That’s the thing that I want to say.

I’m sitting here on a black leather couch with scratched arms—the couch’s arms are scratched not mine, scratched by a cat named Remy who ran away years ago—I’m sitting here typing these dumb words while my daughter is a few feet off at the kitchen table working on a summer reading essay she should have started ages ago. The essay is on The Outsiders. She’s letting me help her, for once, but she’s complaining about the help, which is mostly in the form of questions by me—Why does it matter that they hide in a church? What does Frost’s poem mean? How does Johnny interpret the poem? What does it mean to save someone at great cost to yourself? She’d rather have answers.

I have a lot of tabs open on my browser, too. I’m looking through recent posts on Menthol Mountains, the blog of the late David Berman, who died yesterday way too young at 52, David Berman the singer-songwriter, the poet, the author of six Silver Jews albums and the slim poetry collection Actual Air and most recently an album called Purple Mountains by a band called Purple Mountains; David Berman, who died yesterday way too young at 52, was a voice in my ear and in my head from the time I was 15.

The last post on Menthol Mountains is a bunch of quotes from the Austrian writer Thomas Bernhard. The first quote is:

Q: Why are you so allergic to interviews?

A: Try to picture yourself being shackled hand and foot to a tree, and someone firing a machine gun at you. Don’t you think that would make you a bit tense?

Was Berman allergic to interviews himself? He did a surprising number for the release of the Purple Mountains record. (John Lingan’s profile in The Ringer is particularly outstanding.) Most of the interviews and profiles told a sad story, a man living in a one-room apartment in the back of his record label Drag City’s offices, trying to stay sober. A man whose wife and ally and bandmate Cassie had left him; a man whose mother, an anchor in his life, had died in 2016. A man still estranged from his evil father.

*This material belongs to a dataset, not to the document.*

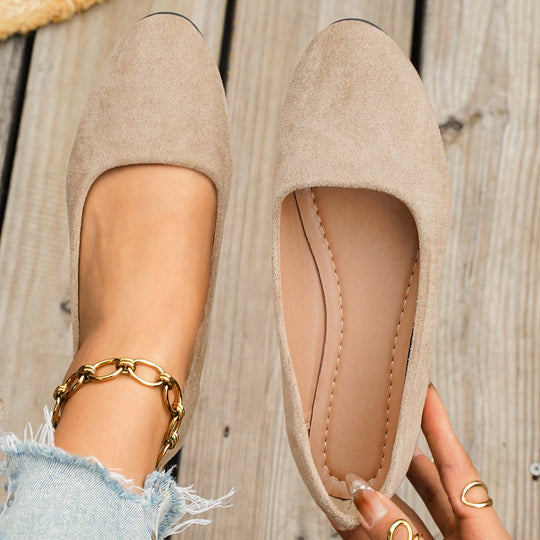 Damen  minimalistische Samt-Ballerina mit dekorativer Fußkette und ergonomischem Komfortfußbett Nord Taschen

These sad details are expressed in every lyric and chord of the Purple Mountains record. It opens with “That’s Just the Way That I Feel,” an unusually plain and plaintive title for Berman. The song begins thus:

Well, I don’t like talkin’ to myself
But someone’s gotta say it, hell
I mean, things have not been going well
This time I think I finally fucked myself

(The opener “Well, I don’t” echoes the opening of “How to Rent a Room,” the first track of my favorite Silver Jews record, The Natural Bridge: “No I don’t really want to die
/ I only want to die in your eyes.”)

“This time I think I finally fucked myself.” Purple Mountains returns to this idea of fucking oneself in the last song, “Maybe I’m the Only One for Me”:

If no one’s fond of fucking me
Maybe no one’s fucking fond of me
Yeah, maybe I’m the only one for me

I could pick through the record more, pull line after line out—I’ve been listening to the thing almost every day for a month—but the titles alone signal Berman’s deep pain: “She’s Making Friends, I’m Turning Stranger”; “Darkness and Cold”; “Nights that Won’t Happen”; the song “I Loved Being My Mother’s Son” is heartbreaking and I’ve found myself getting up to skip it because it’s too painful. Berman channeled all that pain into something beautiful; Purple Mountains is probably his best, most sincere, cohesive record. I hate that it was his last one, and I hate that its opening lines seemed to warn us—here’s the next set of lines from “That’s Just the Way That I Feel”:

You see, the life I live is sickening
I spent a decade playing chicken with oblivion
Day to day, I’m neck and neck with giving in
I’m the same old wreck I’ve always been

I’m not sure if I can listen to the record any time soon.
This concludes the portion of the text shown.